The feeding problem was solved because the 423 comes standard with a vibratory feeder bowl. For this application, the bowl diameter was increased from 14 to 18 inches to allow the 3.25-inch rivets to spread out for auto feeding.
Door and bracket hole alignment is quickened through the use of a machine rollset plunger (that extends 3 inches) and a manually operated foot pedal to lower the plunger into position. Once the door and bracket are in place, the worker releases the pedal so the plunger springs back and aligns the holes for quick rivet installation.
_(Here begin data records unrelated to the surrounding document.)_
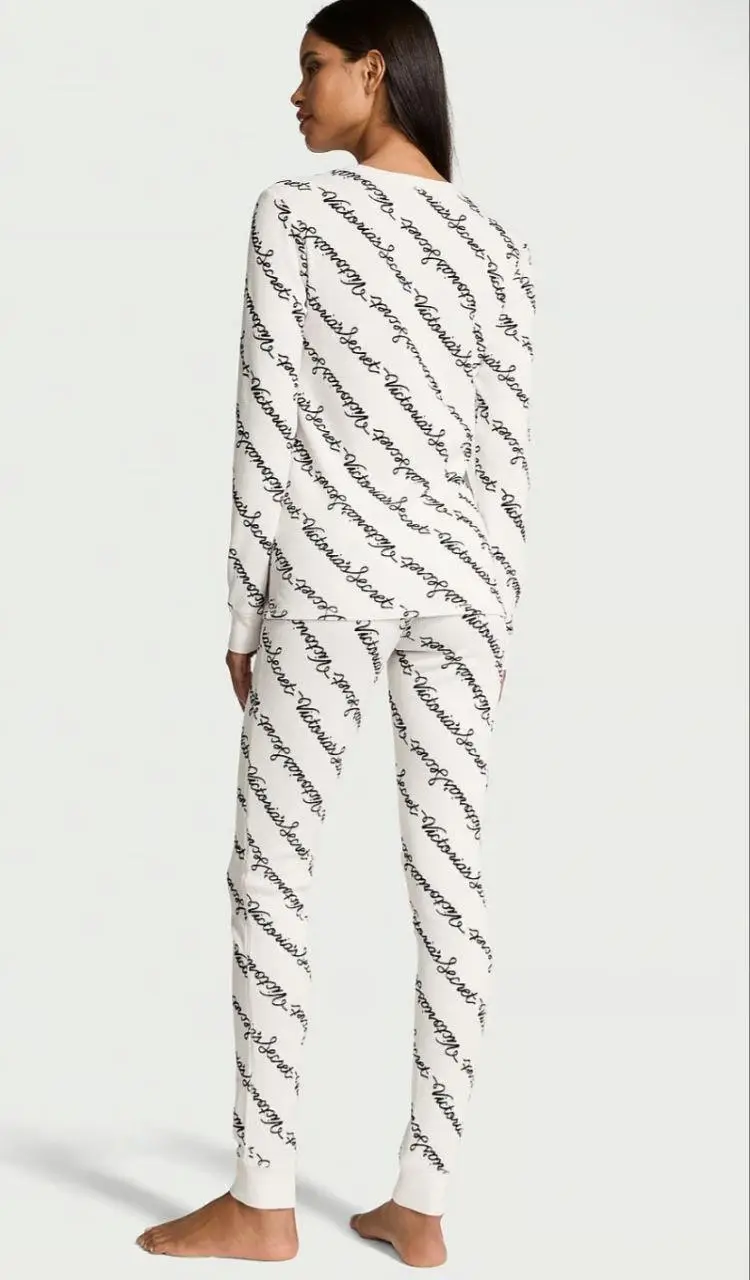 Пижама термо Victoria's Secret М Белый (26936213) - фото 2 Пижама термо Victoria's Secret М Белый (26936213) - фото 2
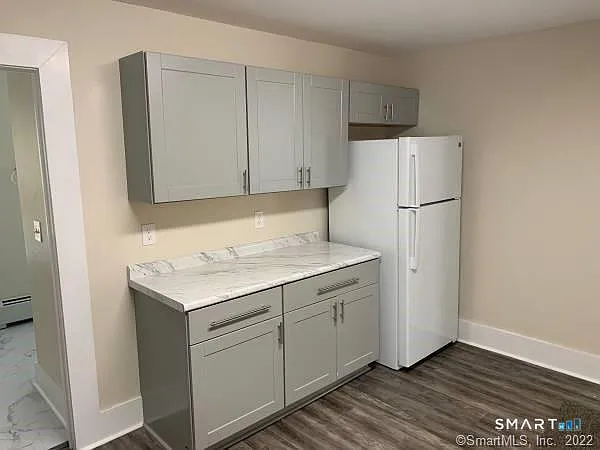 3 bed, 1.0 bath, 1179 sqft, $1,995 — Photo 3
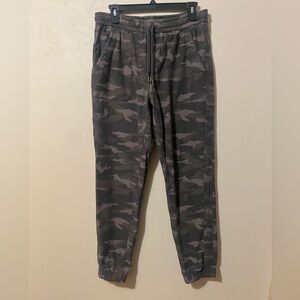 Athleta Farallon Jogger Mid-Rise Drawstring Pants Camo Size 8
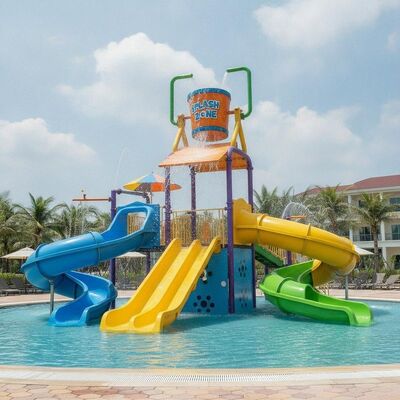Parc aquatique pour enfants en fibre de verre avec 3 toboggans, plateforme et seau basculant pour les loisirs aquatiques des enfants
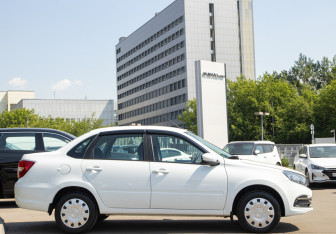 Подержанный автомобиль LADA (ВАЗ) Granta Sedan 2024 года (3 фото)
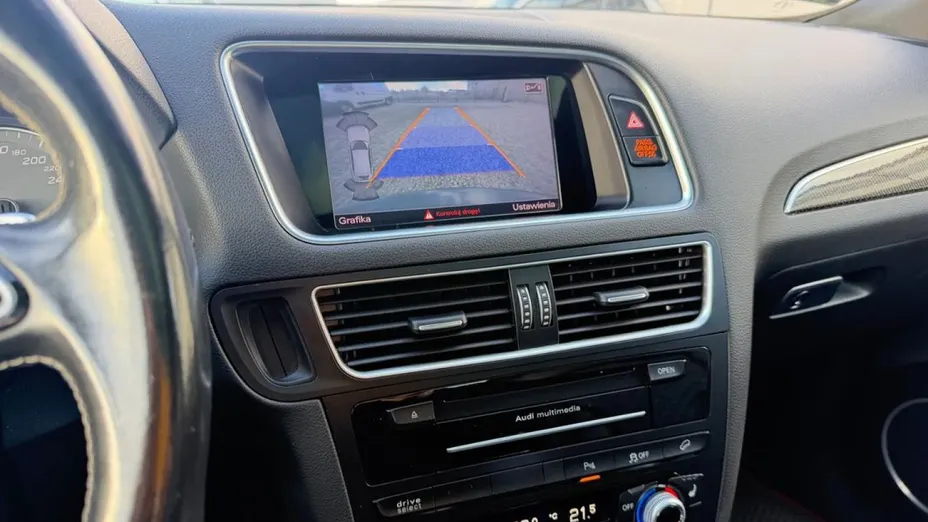 AUDI SQ5 -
Because it is a low-tech process, impact riveting for a long time gained a reputation among manufacturers as a process strictly to be used for high-volume assemblies or those of low value or where tolerances are not particularly tight. Suppliers say these latter limitations no longer apply. Today’s machines install rivets to varying tolerances (loose or tight) and perform process monitoring, which ensures reliable joints in products ranging from low-cost toys and tools, to critical vehicle brake pads and high-end cookware.
An Oldie But Goodie
Performed for nearly a century, impact riveting is one of the oldest and most inexpensive and reliable methods of installing rivets for assembly. It is regularly used to assemble high-volume products, such as HVAC ductwork, fan blades, ladders, airplane headrests, lighting fixtures, fuses and circuit breakers, slide-drawer rollers, kitchen utensils, cookware and appliance components.
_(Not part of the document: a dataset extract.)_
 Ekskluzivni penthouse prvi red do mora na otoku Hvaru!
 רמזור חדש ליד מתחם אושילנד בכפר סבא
The impact process is typically semiautomatic and performed on a tabletop or pedestal (floor-mounted) machine that uses electromechanical, pneumatic, hydropneumatic or hydraulic force to install a rivet. This equipment may be integrated with a rotary indexing table or other automated assembly
Impact riveting requires the machine operator to access both sides of the assembly. After placing parts (metal, plastic or rubber) in a fixture, he activates the machine by either pressing a button or stepping on a foot pedal. The rivet is fed from a hopper or a vibratory bowl, down a track, to open jaws that immediately close and insert the rivet shank into the part holes. A ram then strikes the rivet with enough compressive axial force to flatten the opposite end of the rivet and form a new head.
Machine tooling is unique to each application and includes custom jaws, a ram driver and an anvil, which determines the clinch shape. Kevin Klapperich, machine division manager at National Rivet & Manufacturing Co. (NRM), says failure to maintain the anvil can result in rivets that do not curl uniformly, have cracked curls or don’t securely fasten parts.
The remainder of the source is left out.